SLURM Programmer's Guide

Overview

Simple Linux Utility for Resource Management (SLURM) is an open source, fault-tolerant, and highly scalable cluster management and job scheduling system for Linux clusters containing thousands of nodes. Components include machine status, job management, and scheduling modules. The design also includes a scalable, general-purpose communication infrastructure (MONGO, to be described elsewhere). SLURM requires no kernel modifications for it operation and is relatively self-contained.
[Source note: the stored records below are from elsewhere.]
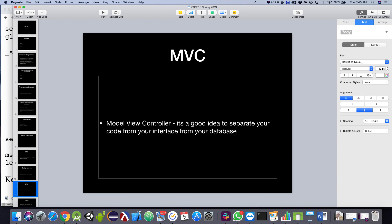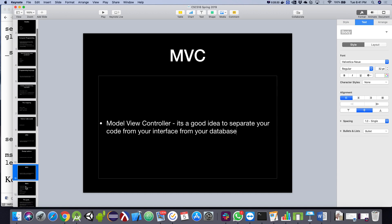MVC is just an idea that says as programs get more and more complicated, you'll wish you kept these parts of the application separate, otherwise things get messy very quickly. So the View is your interface, the Controller is your logic, and the Model is your data — all kept in separate places.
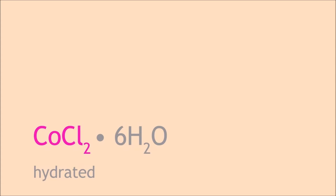A dilute aqueous solution of cobalt-2 chloride would be very light pink. When written on paper, it will not show, hence the writing is invisible.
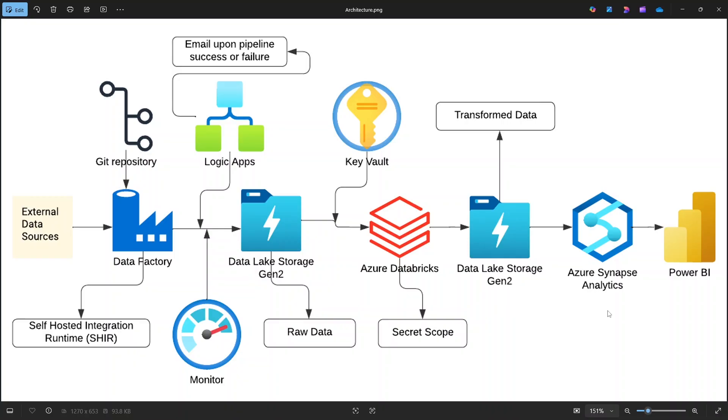Finally, we will connect Power BI. Power BI will serve as a visualization and reporting layer, enabling us to build interactive dashboards where end users, managers, or analysts can explore the insights. In the next part, we will download the data and take a look at it.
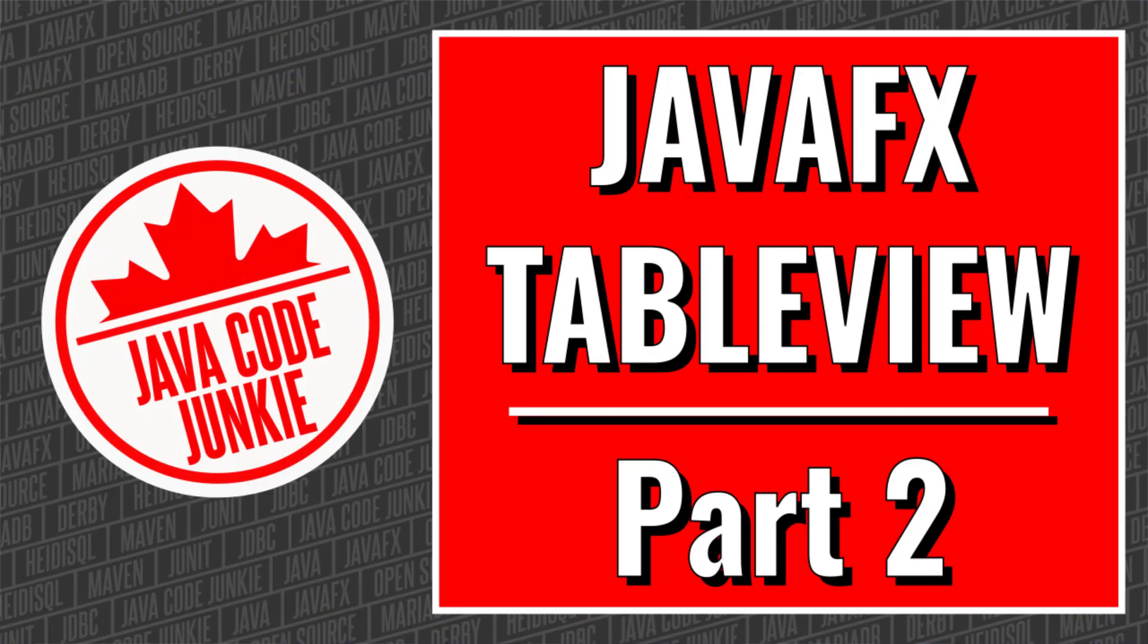Hi, this is Dave from javacodejunkie.com and in today's video we're going to continue our exploration of the JavaFX TableView control. To be more specific, we're going to look at what steps we have to take in order to enable in-cell editing in the TableView control itself. So stick around, we're going to get right into it.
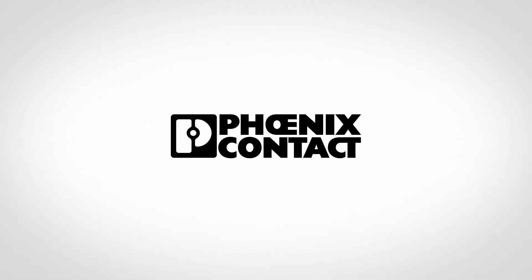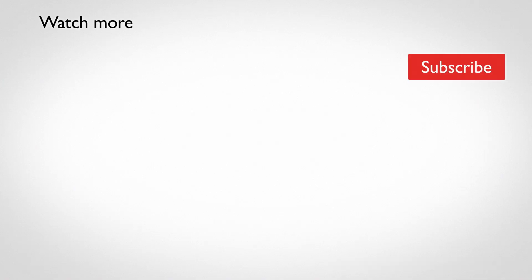Curious? We would be happy to advise you. Contact us.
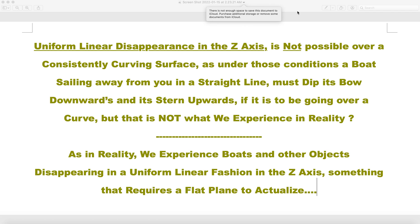This is called uniform linear disappearance in the z-axis. Uniform linear disappearance in the z-axis is not possible over a consistently curving surface, because under those conditions a boat sailing away from you in a straight line must dip its bow downwards and its stern upwards if it is to be going over a curve. But that is not what we experience in reality.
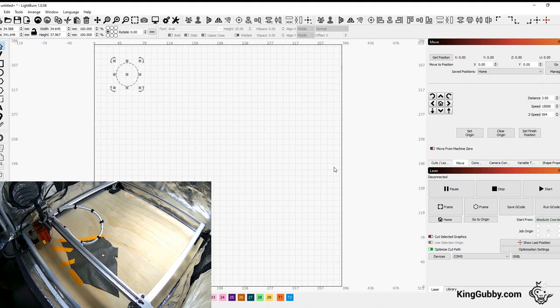Hey, this is Buck from KingGubbyDesigns. I wanted to give you a quick tutorial on the Aferro 2 on aligning the gantry and using absolute coordinates.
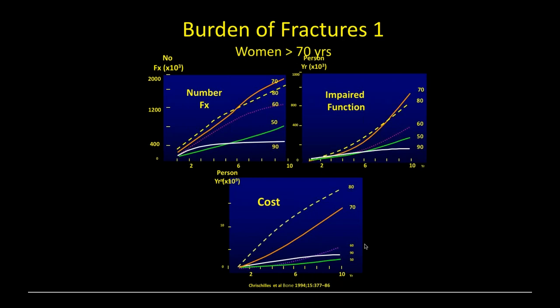What is the burden of fractures? There are three burdens I want to draw your attention to. The first: most fractures occur in women over 70 years of age. In terms of number of fractures, most of the burden is in women 70 to 80 years of age, and increasingly women in their 90s as individuals are living longer. In terms of impaired function, cost to themselves, and cost to the community, women 70 to 80 years of age represent the burden of disease. When you see people in this age group, the signal to think about treating them should be very, very high.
Initial target platforms include Red Hat Linux clusters with Quadrics interconnect and the IBM Blue Gene product line.

Overview

There is an overview the components and their interactions available in a separate document, SLURM: Simple Linux Utility for Resource Management.

Code should adhere to the Linux kernel code style as described in http://www.linuxhq.com/kernel/v2.4/doc/CodingStyle.html.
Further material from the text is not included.